= COLLECTED MATERIAL =
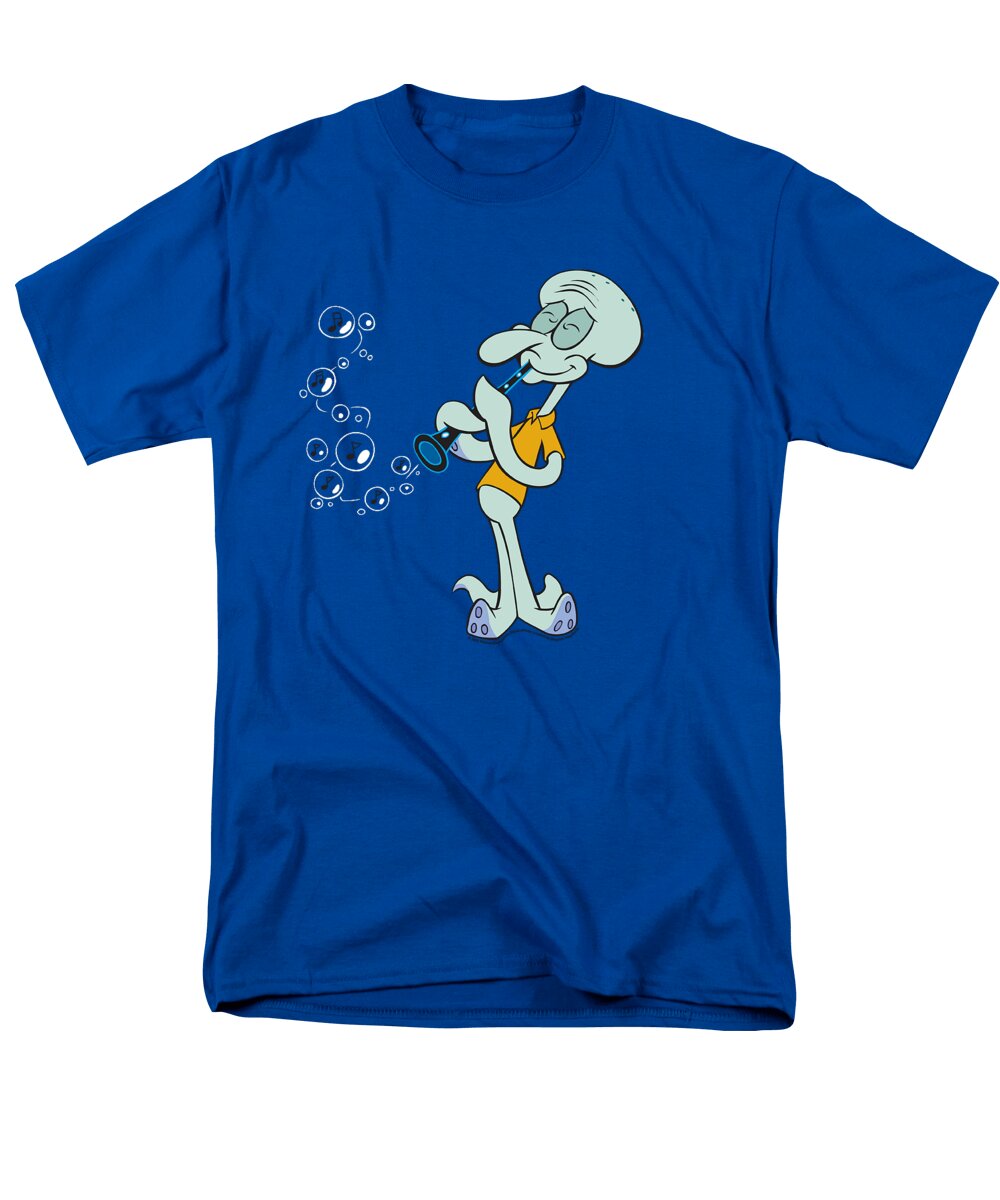 Spongebob Squidwards Clarinet Brand a T-Shirt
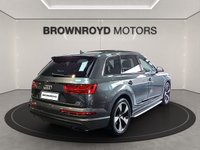 USED 2018 18 AUDI Q7 3.0 TDI V6 S line SUV 5dr Diesel Tiptronic quattro Euro 6 (s/s) (272 ps) PAN ROOF+R-CAM+BOSE+21" ALLOYS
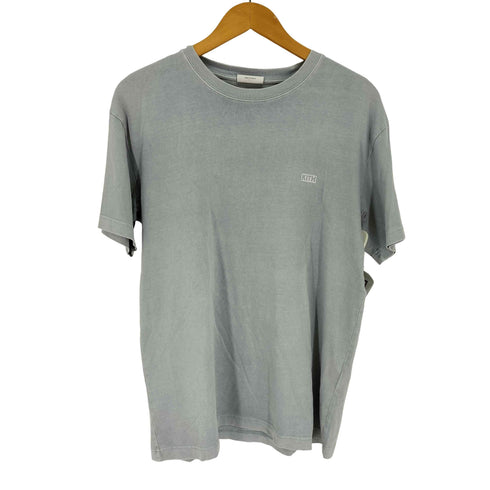キス KITH プリントロゴ クルーネック Tシャツ メンズ import:S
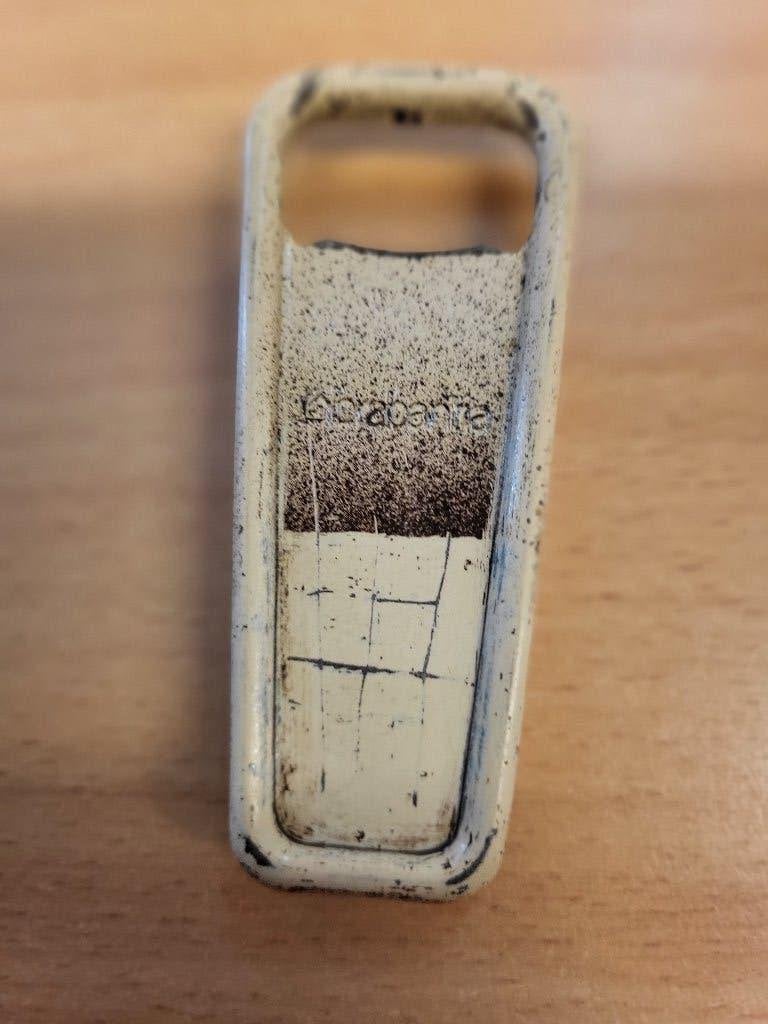 Brabantia flesopener., Ophalen of Verzenden, Metaal, Meerkleurig, Overige typen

= WHAT YOU WILL DO =
Exactly as written, restate all of the data, leaving out the images.

= WRITTEN ANSWER =
 Spongebob Squidwards Clarinet Brand a T-Shirt
 USED 2018 18 AUDI Q7 3.0 TDI V6 S line SUV 5dr Diesel Tiptronic quattro Euro 6 (s/s) (272 ps) PAN ROOF+R-CAM+BOSE+21" ALLOYS
キス KITH プリントロゴ クルーネック Tシャツ メンズ import:S
 Brabantia flesopener., Ophalen of Verzenden, Metaal, Meerkleurig, Overige typen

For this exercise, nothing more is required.